Provided data |

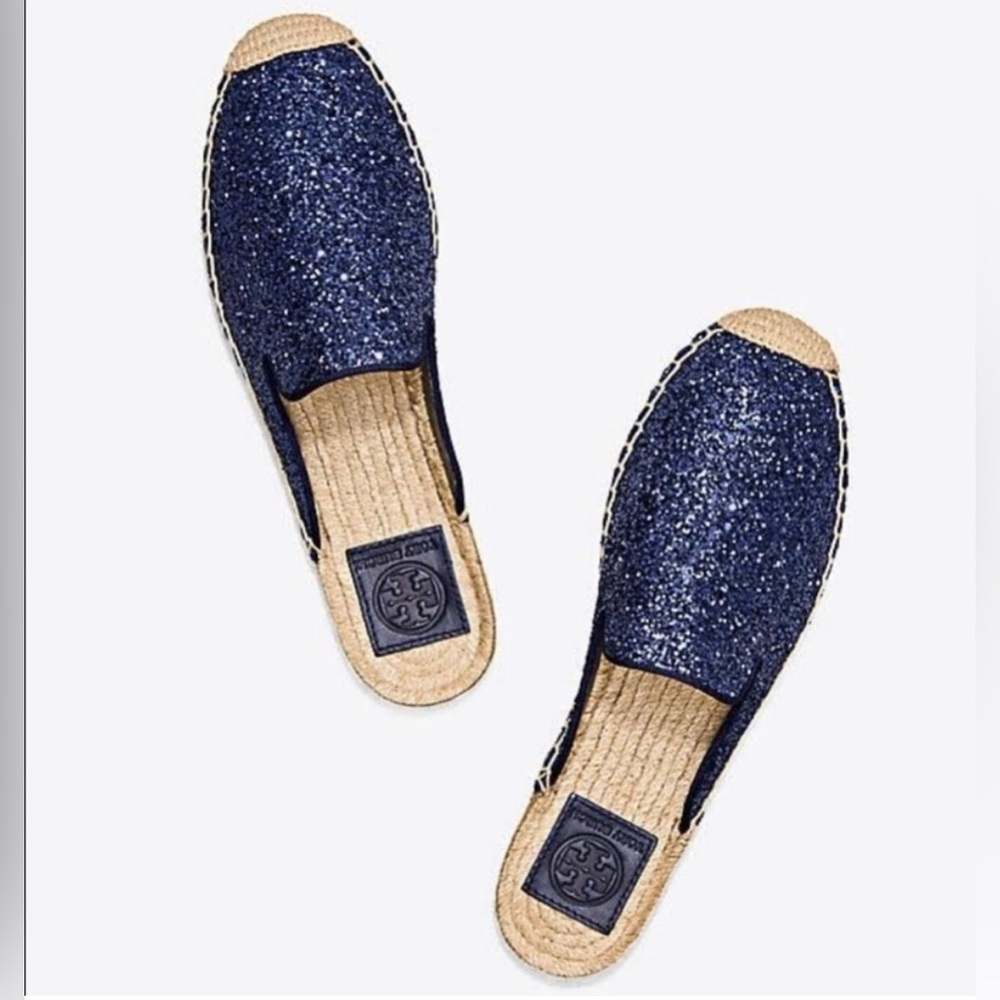 Tory Burch Max Glitter Espadrille Slides Shoes Women’s Size 8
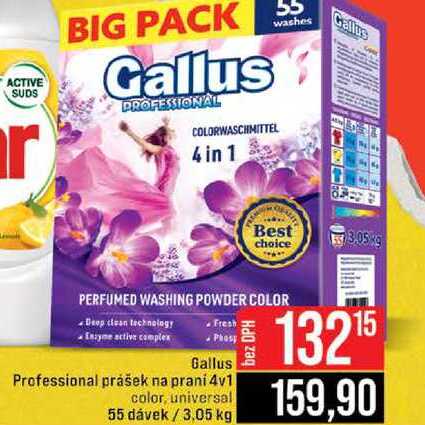 Gallus Professional prášek na praní 4v1 color, universal 55 dávek 3.05 kg 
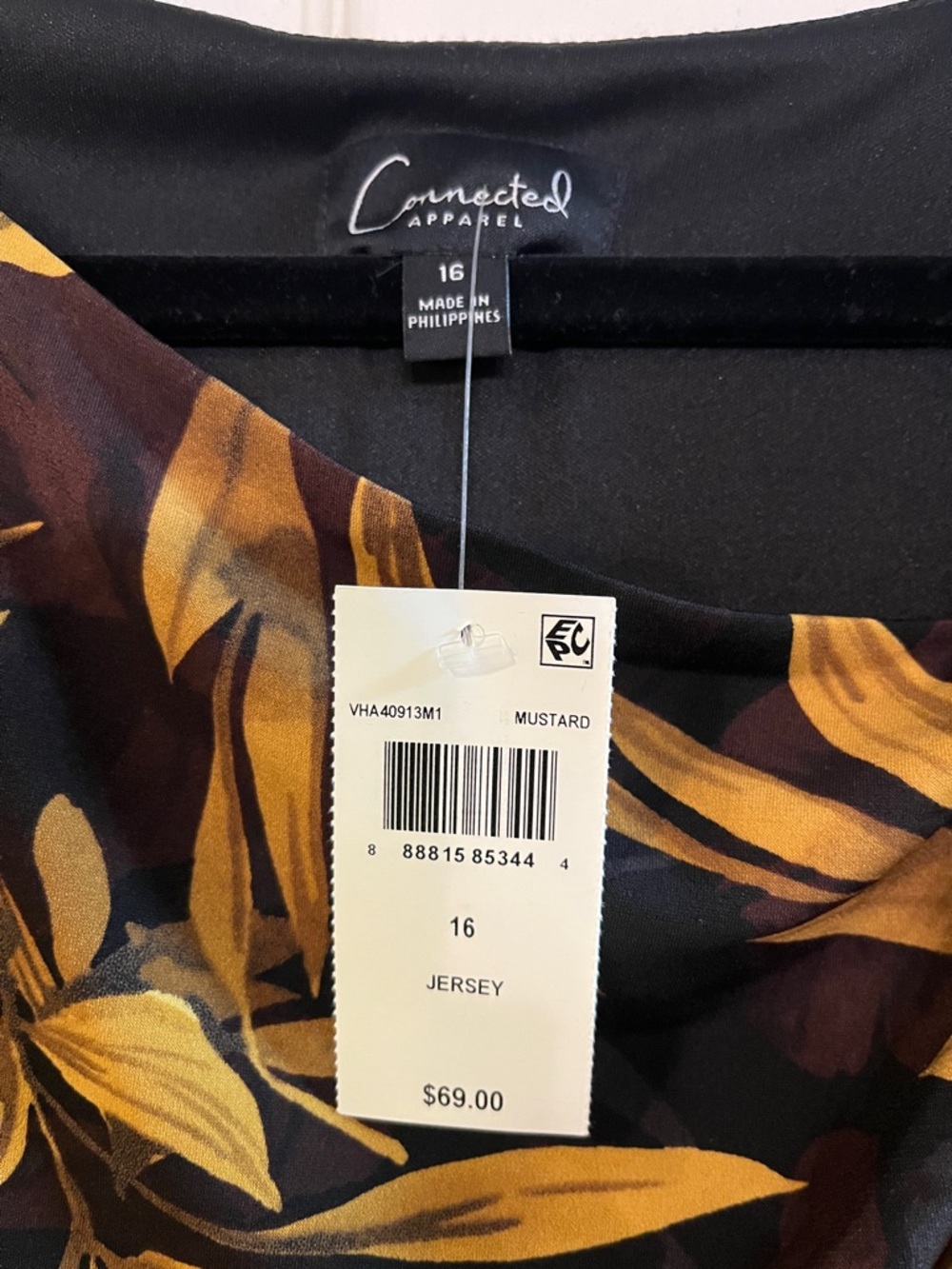 Connected Apparrel Black Midi Dress with Golden Floral Print - Picture 2 of 7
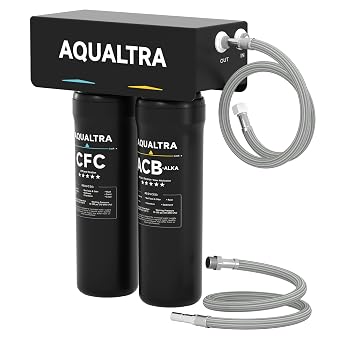 AQUALTRA USF-2B-10 Slightly Alkaline Under Sink Filter System, 20K Gal, Reduce PFOA, PFOS, Chlorine, Lead, Mercury, Chloramine, Fluoride, Microplastics Particles, Bad Taste & Odor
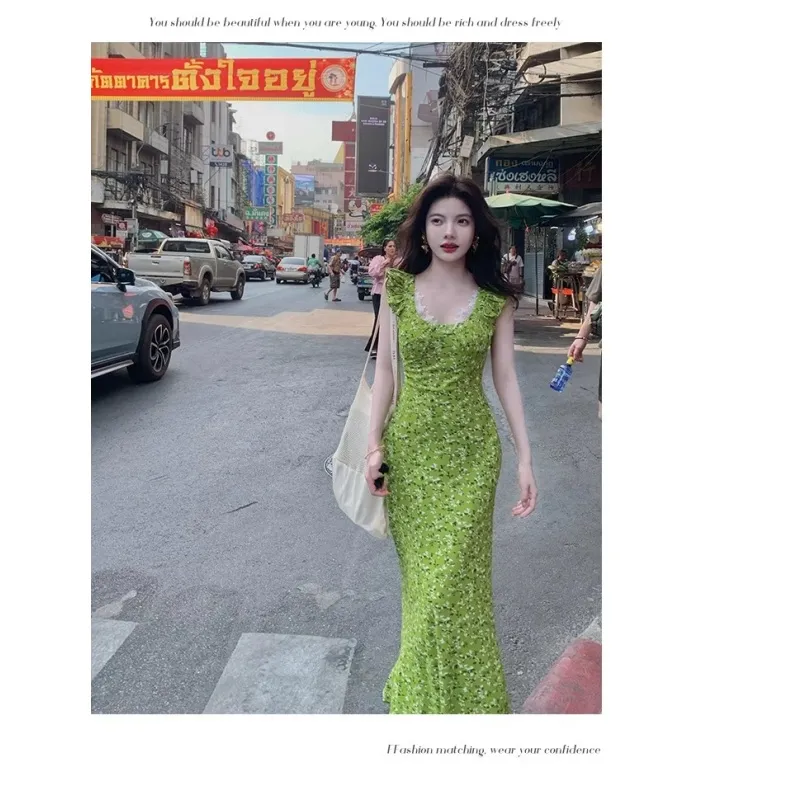 PZGE Slip Dresses Women's Green Slip Dress-5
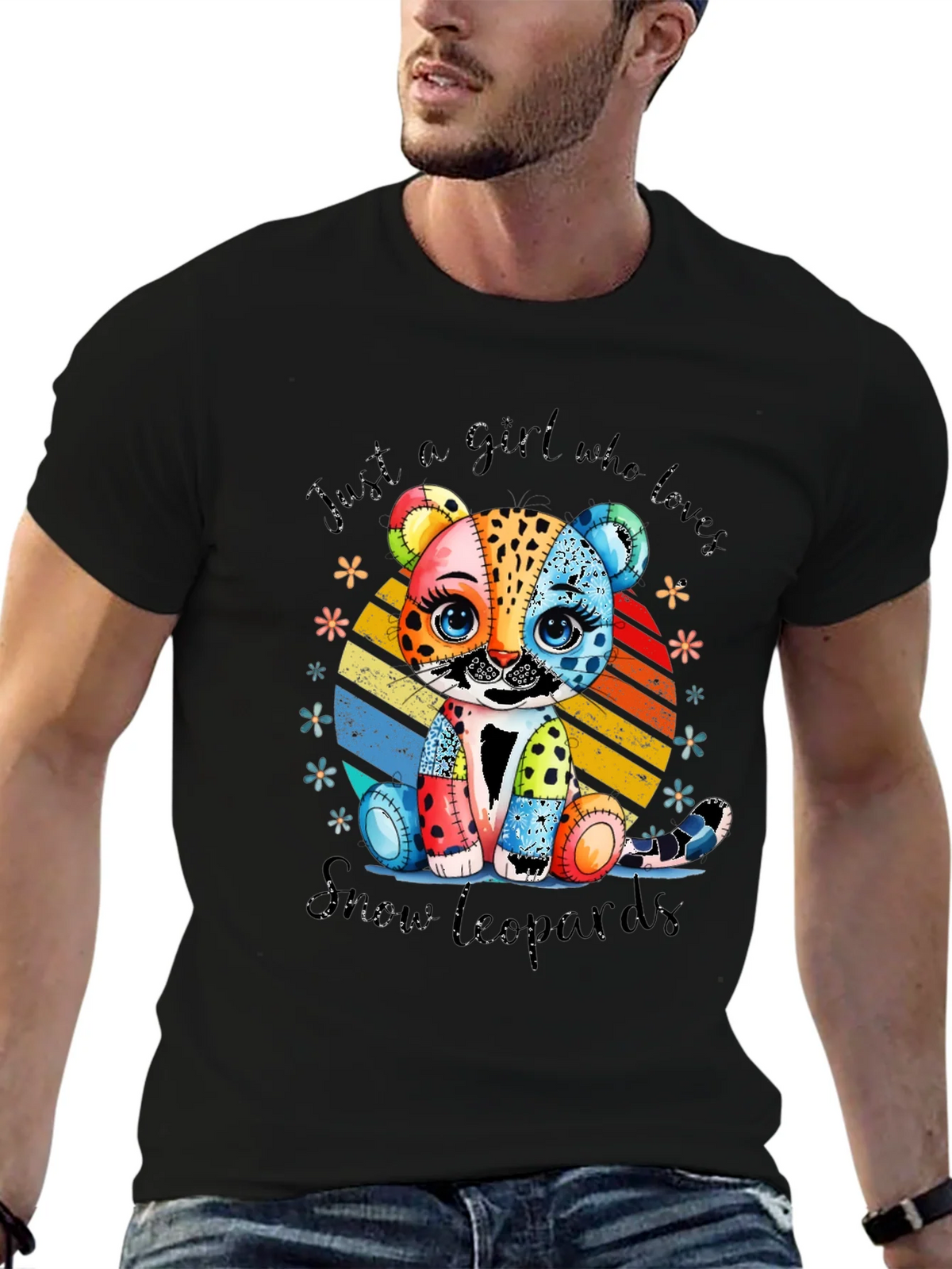 Colorful Snow Leopard Graphic Tee product image 6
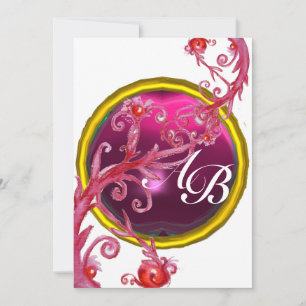 MAGIC BERRIES 4,MONOGRAMM rotes Age Einladung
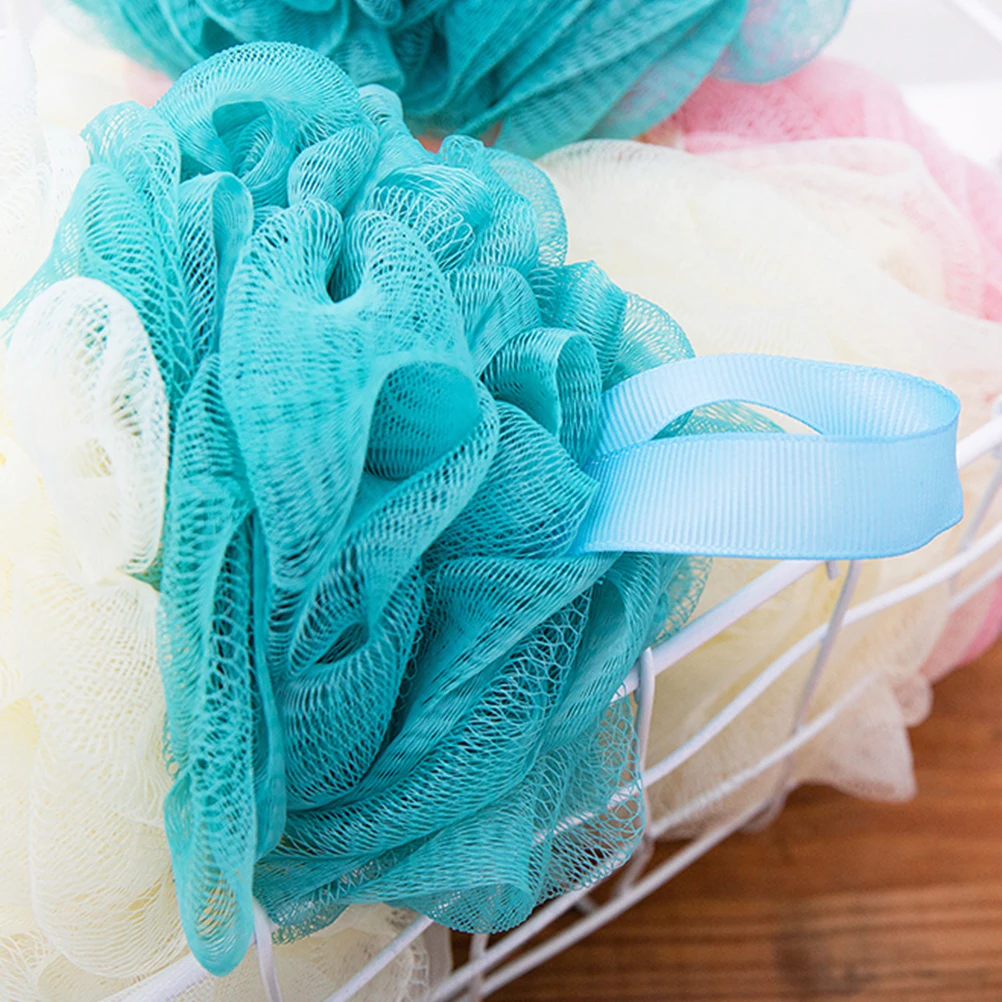 

3pcs Shower Bath Mesh Exfoliate Clean Body Skin Rich Foam Friction Comfort Portable Rub Back Scrubber Loofah Soap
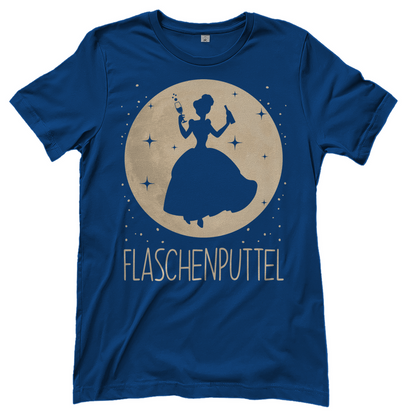 Royal blaues Frauen Shirt mit Flaschenputtel Cinderella Parodie witzig Design, Frontansicht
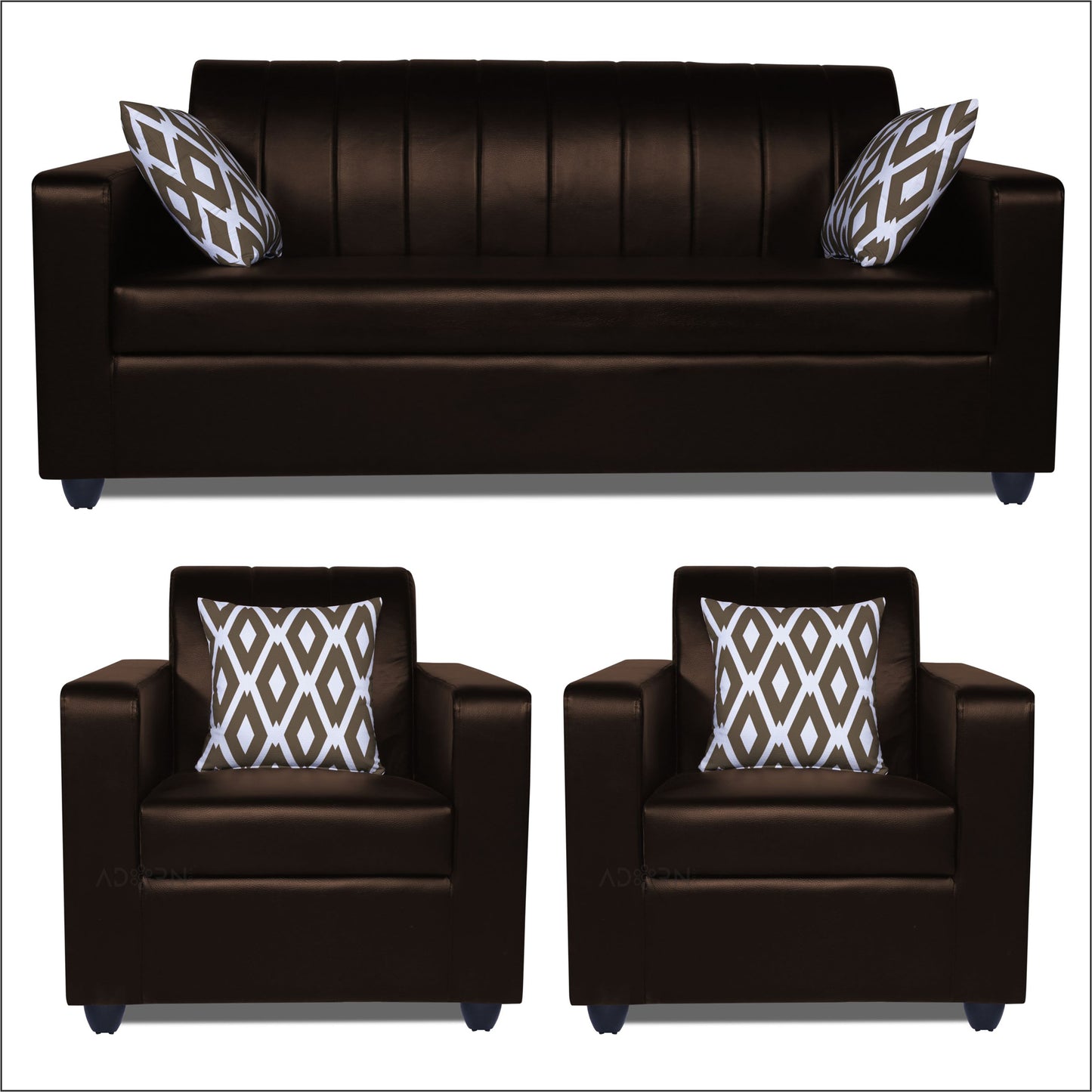 Adorn India Rio HighBack Leatherette 3+1+1 5 Seater Sofa Set (Brown) (3 Year Warranty)
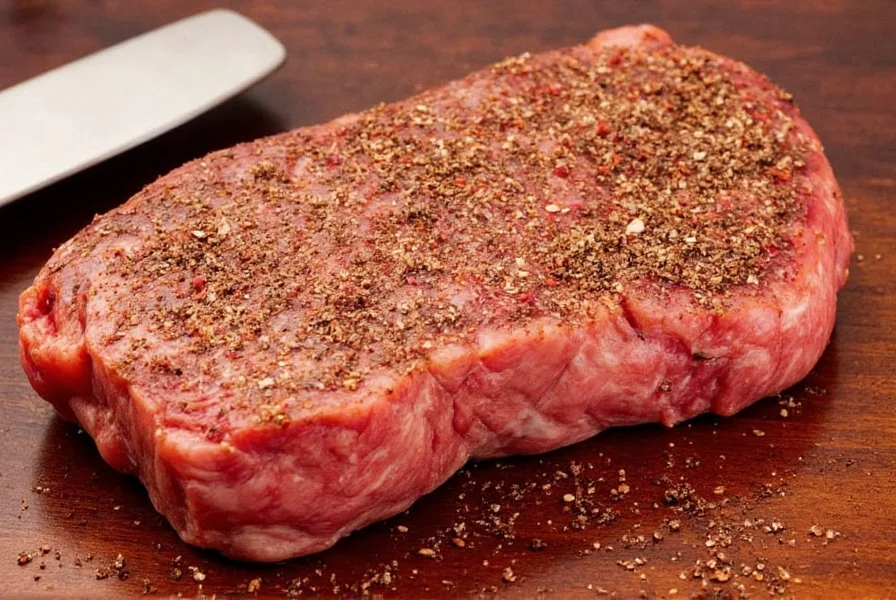 Steak dry brining process showing salted steak on wire rack in refrigerator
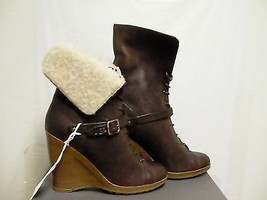 Women&#39;s ugg collection boots caprera wedge brown leather new made in Ita... - $188.05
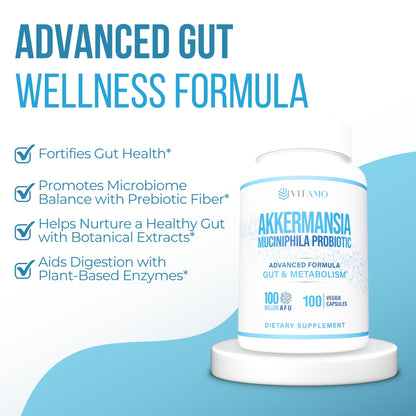 Vitamo Akkermansia Muciniphila Probiotic – 100 Million AFU, GLP-1 Activator | Metabolic & Digestive Health | Made in USA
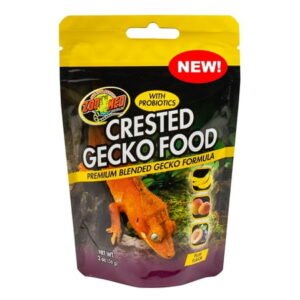 Zoo Med Crested Gecko Food with Probiotics Premium Blended Gecko Formula Plum Flavor [Reptile Gecko Food, Wholesale Reptile Clearance, Reptile Supplies] 8 oz (4 x 2 oz)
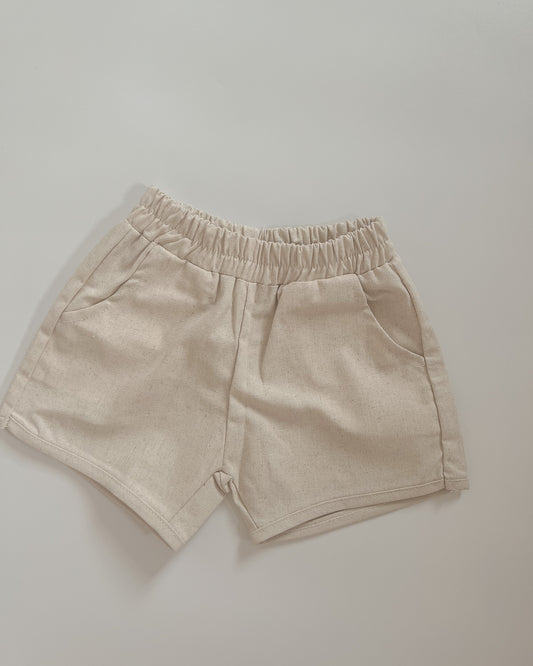 Maverick Linen Shorts - Sprinkled Beige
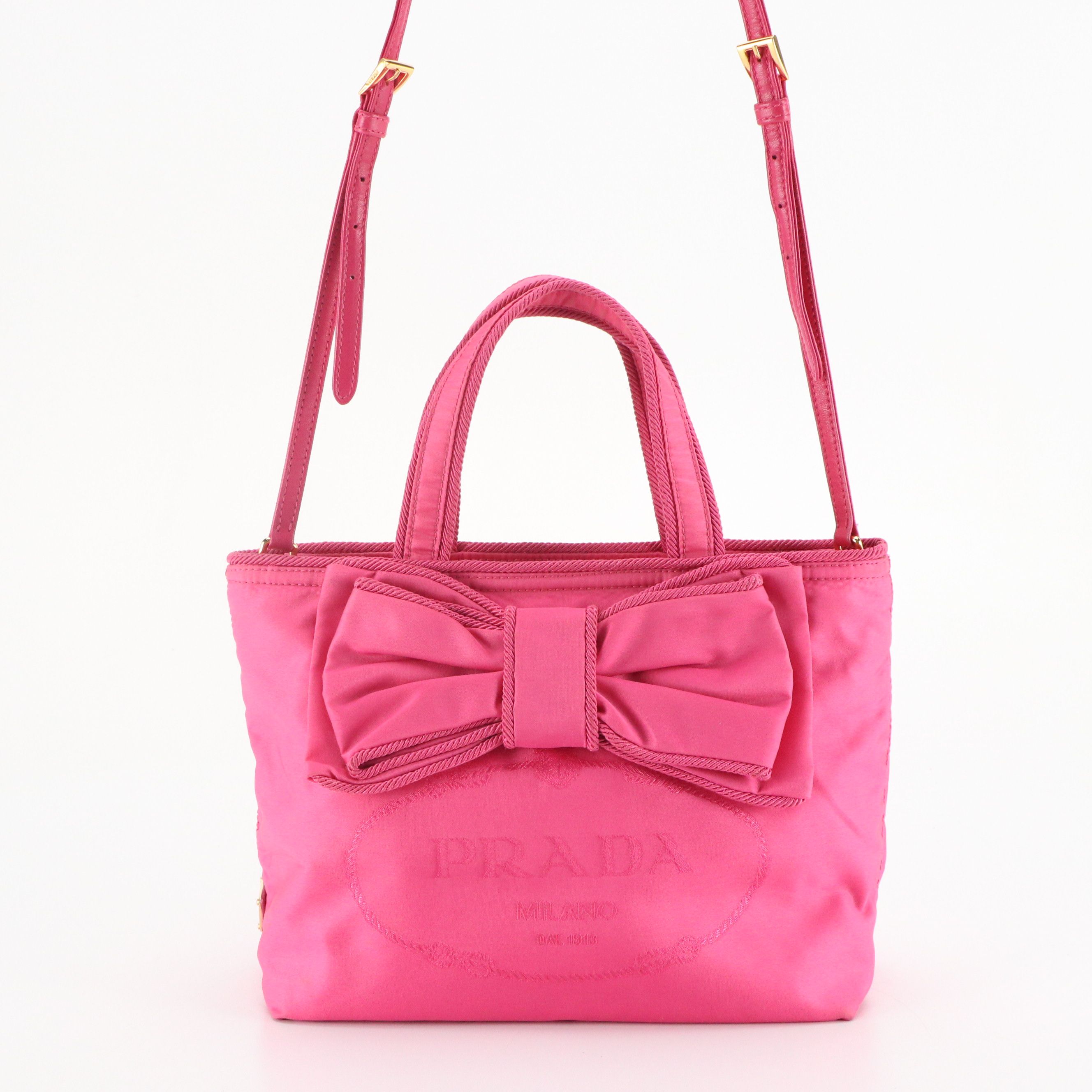Prada Canapa Logo Two-Way Bow Tote Bag in Hot Pink Tessuto Nylon and Leather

Required work | Write out exactly the lines from the line containing "Vitamo Akkermansia Muciniphila" through the last line of the listing above, please, and leave out any pictures.

Response area |
 Vitamo Akkermansia Muciniphila Probiotic – 100 Million AFU, GLP-1 Activator | Metabolic & Digestive Health | Made in USA
 Zoo Med Crested Gecko Food with Probiotics Premium Blended Gecko Formula Plum Flavor [Reptile Gecko Food, Wholesale Reptile Clearance, Reptile Supplies] 8 oz (4 x 2 oz)
 Maverick Linen Shorts - Sprinkled Beige
Prada Canapa Logo Two-Way Bow Tote Bag in Hot Pink Tessuto Nylon and Leather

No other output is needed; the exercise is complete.